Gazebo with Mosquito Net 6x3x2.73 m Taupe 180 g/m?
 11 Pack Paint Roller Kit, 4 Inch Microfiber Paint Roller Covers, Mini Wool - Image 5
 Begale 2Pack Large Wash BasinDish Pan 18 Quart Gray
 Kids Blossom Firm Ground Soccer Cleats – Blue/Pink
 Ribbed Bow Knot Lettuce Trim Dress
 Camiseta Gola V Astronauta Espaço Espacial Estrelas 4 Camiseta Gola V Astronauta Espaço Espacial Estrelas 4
•••
* WHAT TO DO
Take the line that contains "11 Pack Paint" and every line after it through the end of the listing above, and repeat them exactly.

* EXERCISE RESULT
 11 Pack Paint Roller Kit, 4 Inch Microfiber Paint Roller Covers, Mini Wool - Image 5
 Begale 2Pack Large Wash BasinDish Pan 18 Quart Gray
 Kids Blossom Firm Ground Soccer Cleats – Blue/Pink
 Ribbed Bow Knot Lettuce Trim Dress
 Camiseta Gola V Astronauta Espaço Espacial Estrelas 4 Camiseta Gola V Astronauta Espaço Espacial Estrelas 4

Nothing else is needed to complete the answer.